Les parents avaient beaucoup d’amis qui venaient de Versailles ou de Paris. Les Martinot-Lagarde, les Martin-Prevel, les Roussile, les Bergeron, les Augustin et bien d’autres. La réception se faisait alors dans le salon qui ne servait qu’à cette occasion. Sinon c’était une pièce morte qui n’était jamais utilisée en semaine. On sortait les tasses à thé de porcelaine chinoise de la grande armoire vitrée, avec son sucrier sur pied et sa pince à sucre. Si maman avait été prévenue, elle avait immanquablement réalisé un de ses gâteaux fétiches : le cake ou le quatre-quarts. Nous étions alors invités à partager le thé sur la table de la salle à manger attenante. Les invités en profitaient pour commenter notre croissance et combien nous avions changé depuis leur dernière visite. Comme j’étais alors maigrichon, toutes ces dames en profitaient pour palper mes cuisses maigrelettes et commenter les méfaits des restrictions toujours en vigueur. Maman concluait en me surnommant d’un affectueux «petit oiseau tombé du nid ».

La guerre n’était pas encore finie, on se battait encore dans les Ardennes et dans le Pacifique. Si je ne m’intéressais guère aux combats des Alliés, la pénurie des denrées les plus courantes posait un problème quotidien. Le pain, la viande, le café, les produits importés manquaient. C'étai bien pire qu'à Verdelais. Quand Paul mangea sa première banane, il en conserva la peau pendant plusieurs années. A Noël nous eûmes droit à une orange que nous partageâmes avec délice. Je n’en avais jamais mangé auparavant. Il n’y avait pas de charbon, ce qui condamnait le chauffage central. La seule pièce chauffée était le « petit bureau » qui avait droit à un grand poêle Godin. L’hiver nous venions nous déshabiller devant le poêle et vite nous courions vers nos chambres glaciales nous enfouir sous nos édredons. Chacun avait sa carte de rationnement qui tentait de répartir la pénurie au plus juste. Les enfants avaient des cartes « J » et les plus grands avaient les cartes les plus généreuses : « J3 ». Très vite les « J3 » devint l’appellation des toutes la classe d’âge des jeunes qui cherchaient à s’émanciper. Plus tard on les appellera des « Hippies ».

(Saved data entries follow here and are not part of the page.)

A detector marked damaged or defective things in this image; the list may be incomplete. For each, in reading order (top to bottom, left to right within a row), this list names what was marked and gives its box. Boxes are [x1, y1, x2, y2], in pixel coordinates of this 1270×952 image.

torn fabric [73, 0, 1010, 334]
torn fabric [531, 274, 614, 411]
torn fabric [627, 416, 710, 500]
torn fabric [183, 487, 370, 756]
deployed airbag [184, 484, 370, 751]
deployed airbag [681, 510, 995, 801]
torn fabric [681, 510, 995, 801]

Le matin, Papa écoutait invariablement la T.S.F., les informations et la gymnastique matinale en se rasant. En fait il ne se rasait pas mais s’épilait avec une petite pince et un miroir en déambulant dans le petit bureau. J’imagine qu’il avait du renoncer à se raser de peur de se couper à cause de sa mauvaise vue. Je n’ai jamais vu un autre adulte s’épiler ainsi quotidiennement. Pour moi ce ne pouvait être que douloureux, mais il faisait cela sans se soucier apparemment de ce qu’il pouvait ressentir.

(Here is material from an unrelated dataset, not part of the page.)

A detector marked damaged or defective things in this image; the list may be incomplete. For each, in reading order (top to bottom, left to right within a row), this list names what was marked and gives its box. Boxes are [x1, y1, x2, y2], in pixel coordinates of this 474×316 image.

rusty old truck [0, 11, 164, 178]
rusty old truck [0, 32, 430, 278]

Il partait ensuite faire la tournée des médecins qu’il devait visiter et auxquels il lui revenait de vanter les bienfaits des tonicardiaques des Laboratoires Nativelle qu’il représentait : la Digitaline et la Digitaline-Ouabaïne. Il transcrivait ensuite sur de petites fiches les observations de ses médecins et le soir en rentrant il rédigeait son rapport en le tapant à la machine, le nez sur ses fiches tant il y voyait mal.

Il écoutait la musique. Il avait une collection de 78 tours de musique classique qui s’arrêtait naturellement au XIX° siècle. Le dimanche après-midi il lui arrivait d’écouter à la TSF les concerts Pasdeloup. Mais je ne crois pas qu’il n’ait jamais été au concert avec Maman. Ni au théâtre d’ailleurs. Maman qui adorait le cinéma après la guerre ne m’a jamais évoqué de films qu’ils aient pu voir ensemble. Cela devait leur sembler des dépenses injustifiées compte tenu des urgences auxquelles ils devaient faire face.

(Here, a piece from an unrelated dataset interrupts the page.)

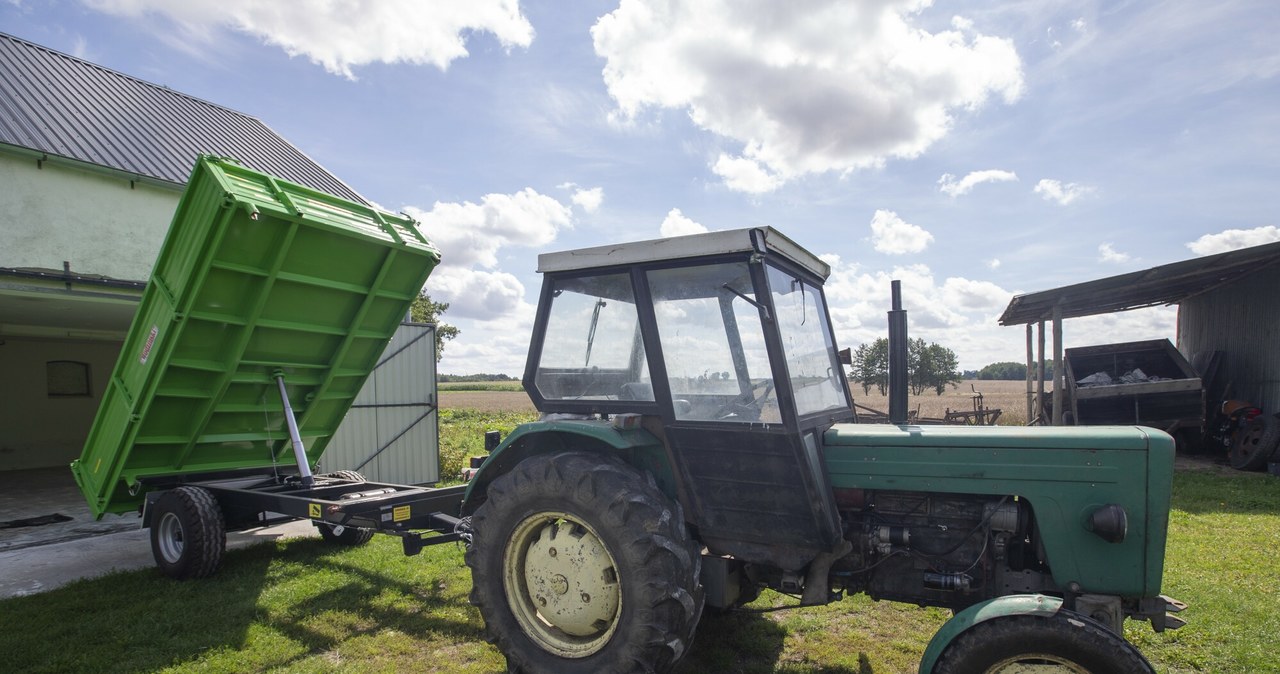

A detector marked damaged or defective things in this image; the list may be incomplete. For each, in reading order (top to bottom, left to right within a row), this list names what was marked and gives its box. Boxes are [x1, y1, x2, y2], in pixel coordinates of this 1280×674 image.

rusty corrugated shed roof [0, 32, 366, 203]
rusty corrugated shed roof [998, 242, 1280, 327]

En mai 45 survint la capitulation de l’Allemagne. Je me souviens que papa nous emmena sur la place de la mairie à Versailles. A mes yeux de dix ans, il y avait une foule énorme. Je me souviens qu’elle bloquait les passages des tramways. Je me rappelle une musique militaire et surtout un feu d’artifice. Il y avait des militaires partout et beaucoup d’Américains. C’était une énorme fête joyeuse. Il y eut ensuite des bals, mais Papa nous ramena alors à la maison.

L’été quarante cinq fut un des plus chauds. Au début de l’été nous partîmes, Paul et moi en colonie de vacance aux Sables d’Olonnes. Nous logions dans une école en bordure de la ville. Il y avait autour des dunes de sable qui nous séparaient de la plage. Je voyais quasiment pour la première fois la mer, ayant tout oublié d'Arcachon alors que je n’avais que trois ans. Je ne garde pas un bon souvenir de ce séjour. Il n’y régnait pas une atmosphère heureuse. Un de mes cauchemars récurrents fut longtemps la recherche que j’entrepris un soir en peine nuit pour retrouver mon frère. Je garde le souvenir que Paul avait été plus ou moins emprisonné par une bande de gosses, qui l’avait enfermé dans un des innombrables blockhaus qui dominaient la plage avec son réseau de tranchées et de souterrains qui les reliaient entre eux. Encore un rite d’initiation ? Je me rappelle seulement ma peur dans ces tranchées ou je hurlait en appelant Paul, le sable qui me rentrait dans les chaussures et l’aspect monstrueux et menaçant des blockhaus. Je ne connais pas la fin de l’histoire ni sa réalité. Mais ce cauchemar que je refis pendant des années a pratiquement scotomisé tout autre souvenir de ce séjour.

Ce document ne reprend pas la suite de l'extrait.